"""
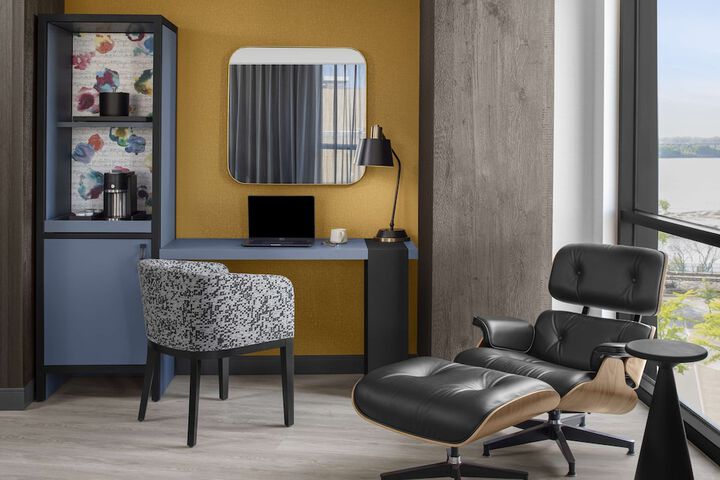 Room 12 of 40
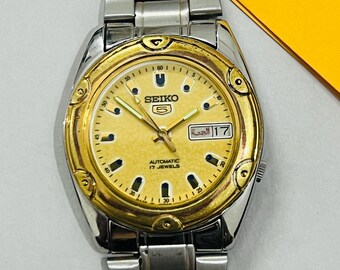 Vintage Seiko 5 Automatic Golden Dial Date & Day 17Jewel Wrist Watch/ Movement Number 7S26-00X0/ Transparent Back Watch/ Japan Made Watch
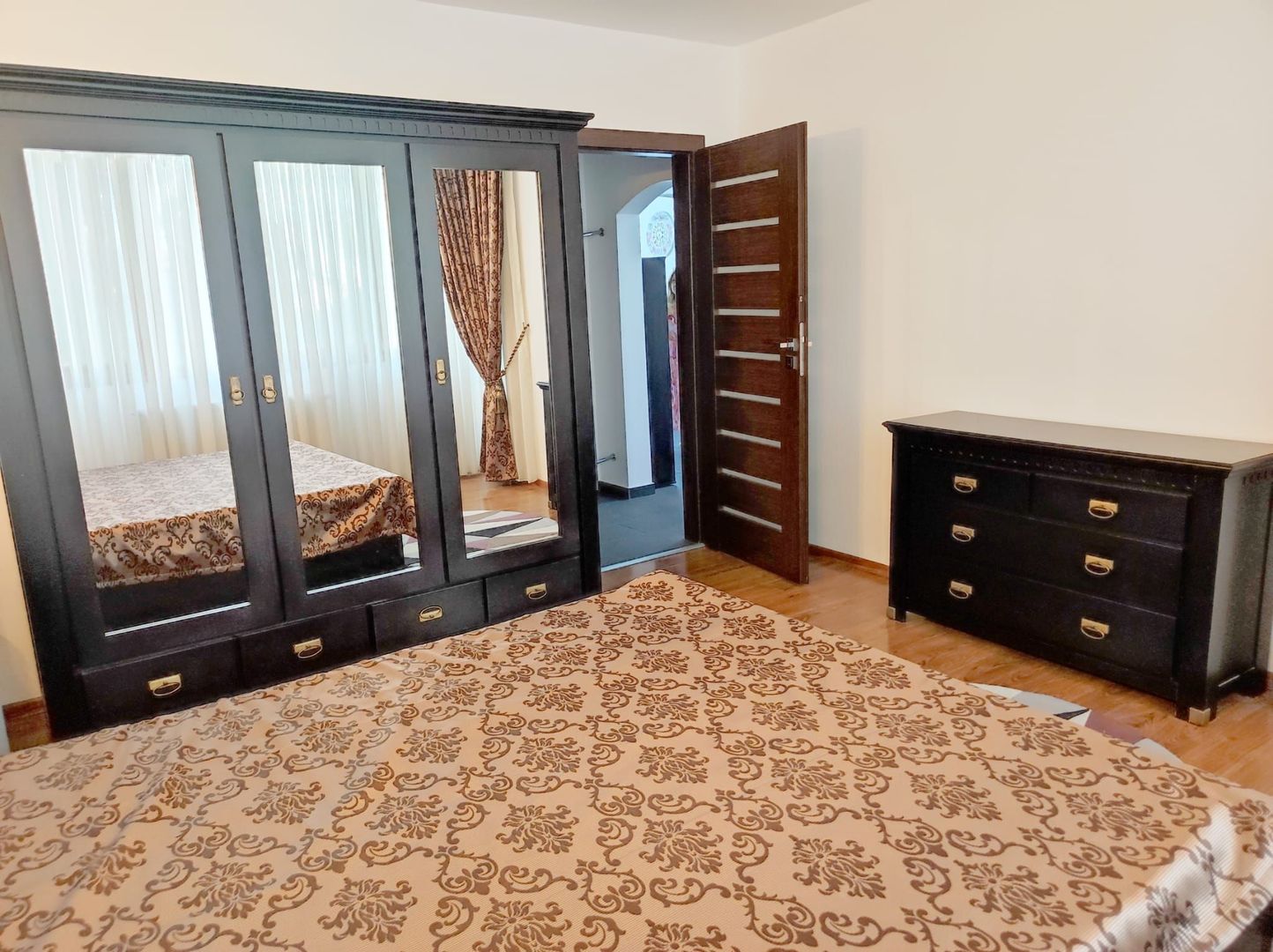 Apartament zona Magheru - Poză 6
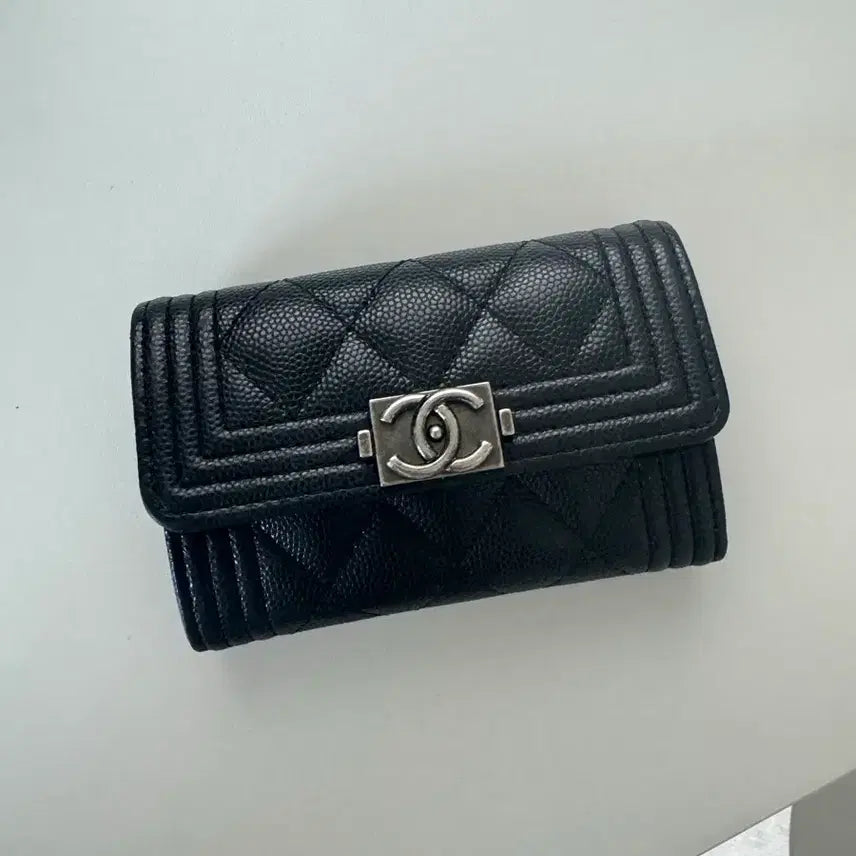 [BUNJANG] Chanel Boy Chanel Flap Card Holder Black Lambskin / 샤넬 보이샤넬 플랩 카드지갑 블랙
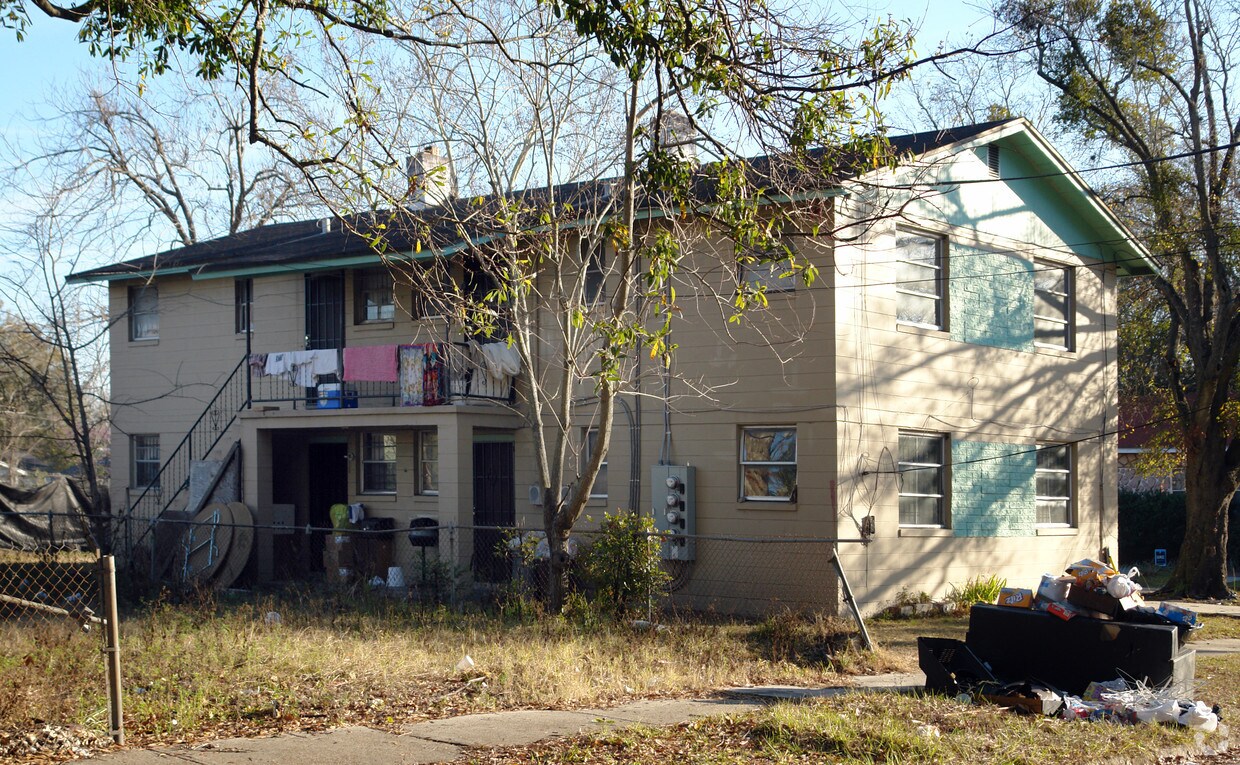 Building Photo - 2906 Abbott St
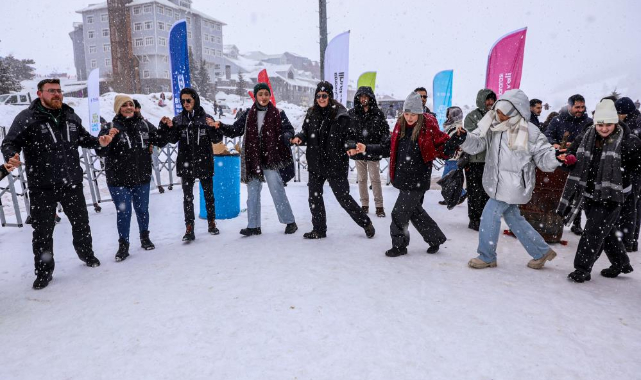 Uludağ zirvesinde 'Gençlik Buluşması'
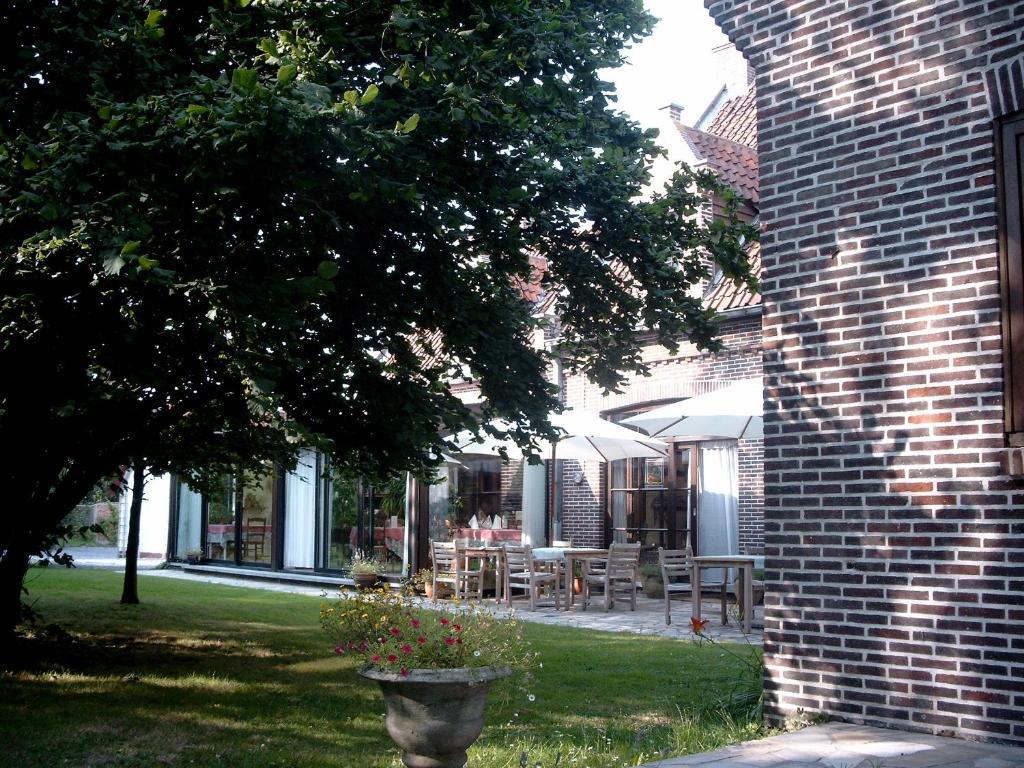Hotel Troopeird Kortrijk Bagian luar foto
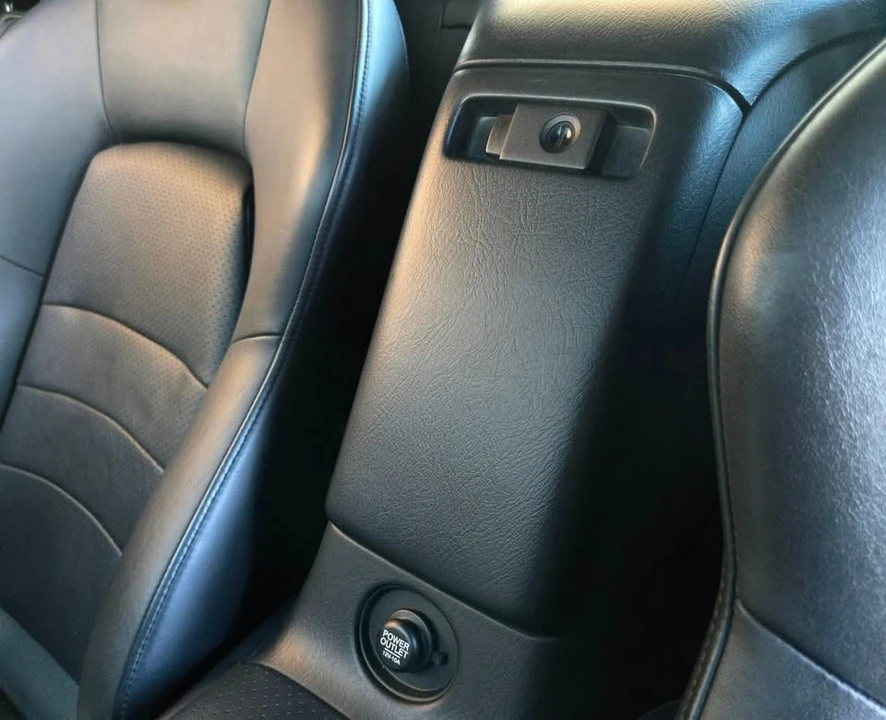 2005 Honda AP2 S2000 - Image 19 of 20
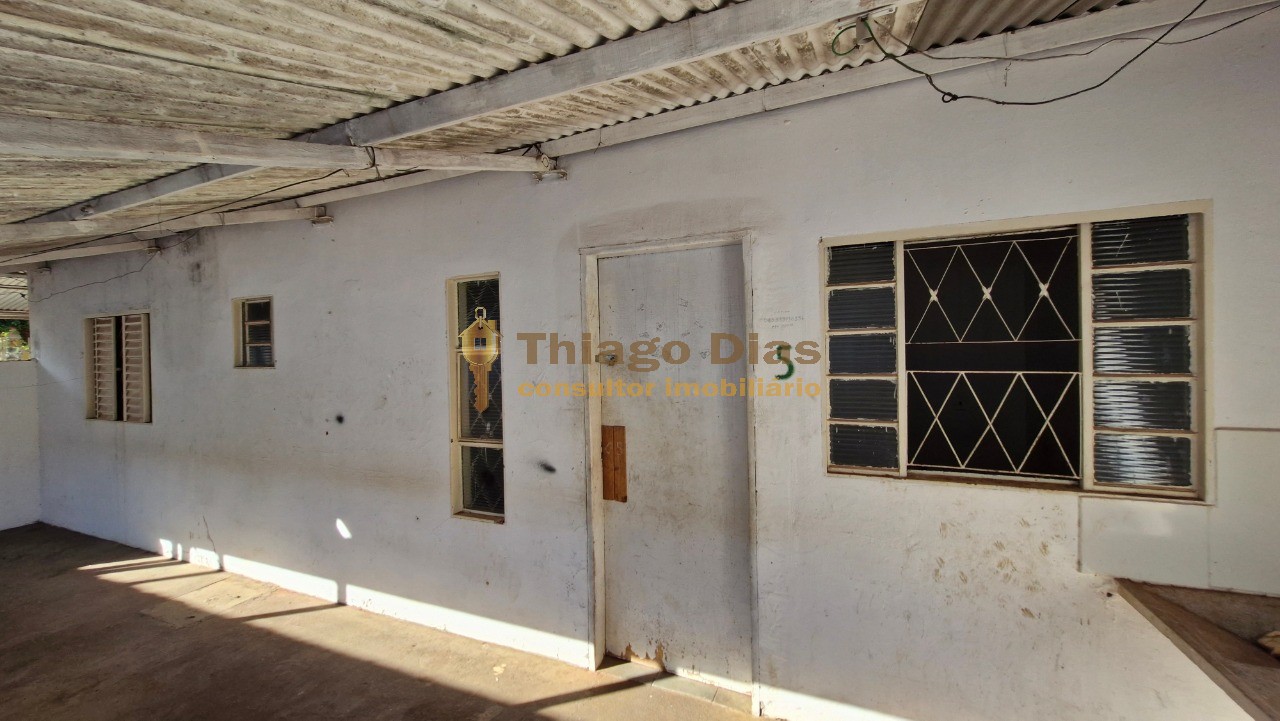 Casa, 10 quartos, 349 m² - Foto 2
"""
▸ What you have to do:
Each line above should be printed again exactly, though the pictures should not be.

▸ Answer area:
 Room 12 of 40
 Vintage Seiko 5 Automatic Golden Dial Date & Day 17Jewel Wrist Watch/ Movement Number 7S26-00X0/ Transparent Back Watch/ Japan Made Watch
 Apartament zona Magheru - Poză 6
 [BUNJANG] Chanel Boy Chanel Flap Card Holder Black Lambskin / 샤넬 보이샤넬 플랩 카드지갑 블랙
 Building Photo - 2906 Abbott St
 Uludağ zirvesinde 'Gençlik Buluşması'
Hotel Troopeird Kortrijk Bagian luar foto
 2005 Honda AP2 S2000 - Image 19 of 20
 Casa, 10 quartos, 349 m² - Foto 2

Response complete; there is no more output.